### WORK INSTRUCTIONS
Leaving every picture out, repeat all of the entries below exactly.

### GIVEN RECORDS
-- Opening Marker --
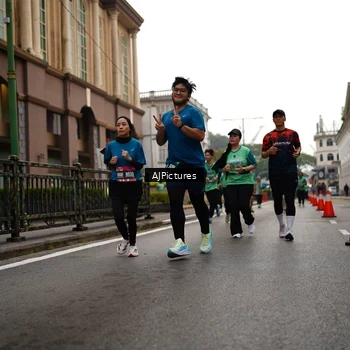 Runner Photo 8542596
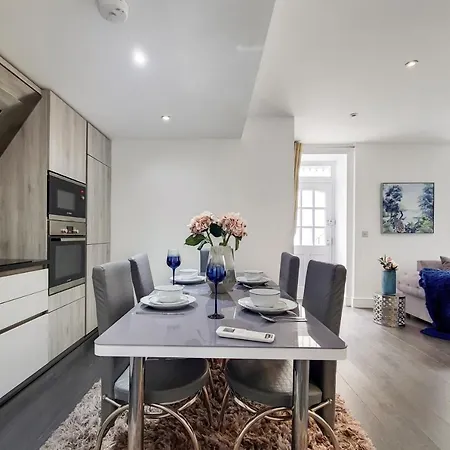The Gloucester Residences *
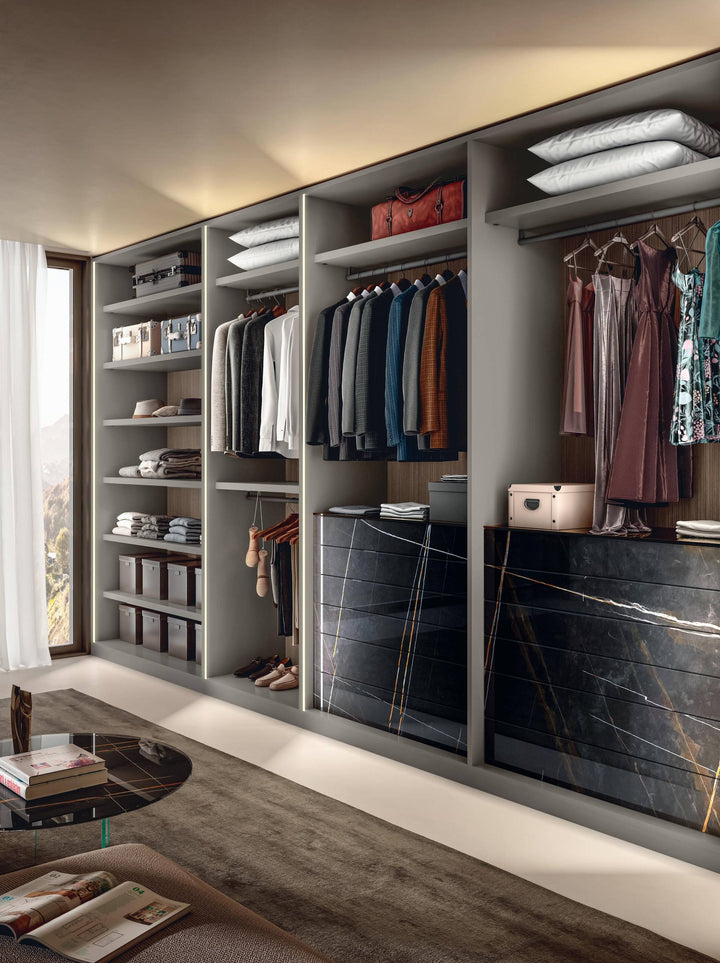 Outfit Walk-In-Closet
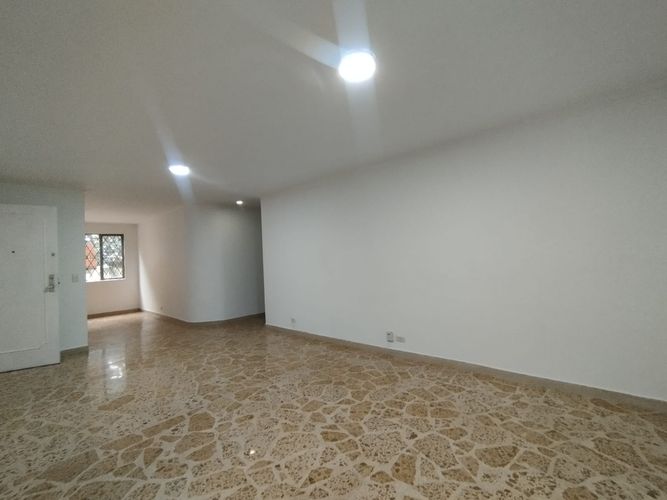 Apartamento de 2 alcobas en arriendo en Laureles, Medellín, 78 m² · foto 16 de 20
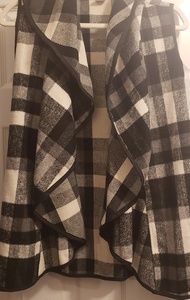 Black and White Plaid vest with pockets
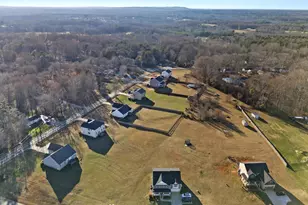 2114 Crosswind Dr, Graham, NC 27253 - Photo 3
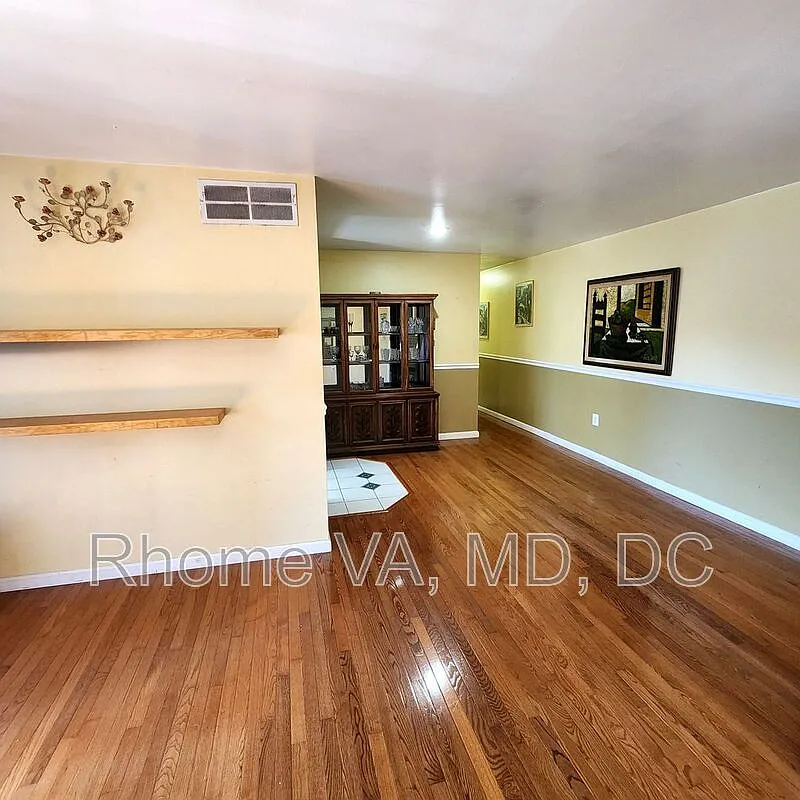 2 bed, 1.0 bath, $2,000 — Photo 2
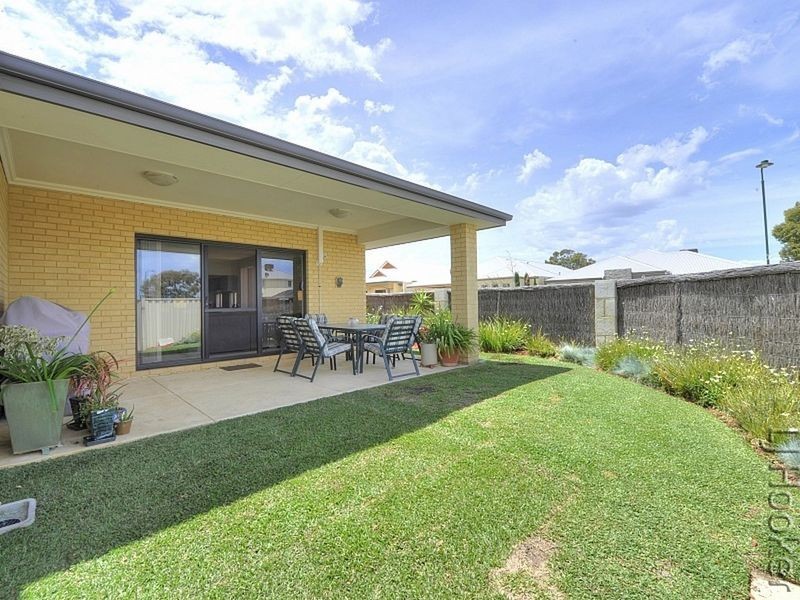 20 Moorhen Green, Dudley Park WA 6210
-- Closing Marker --
### WORKED SOLUTION
 Runner Photo 8542596
The Gloucester Residences *
 Outfit Walk-In-Closet
 Apartamento de 2 alcobas en arriendo en Laureles, Medellín, 78 m² · foto 16 de 20
 Black and White Plaid vest with pockets
 2114 Crosswind Dr, Graham, NC 27253 - Photo 3
 2 bed, 1.0 bath, $2,000 — Photo 2
 20 Moorhen Green, Dudley Park WA 6210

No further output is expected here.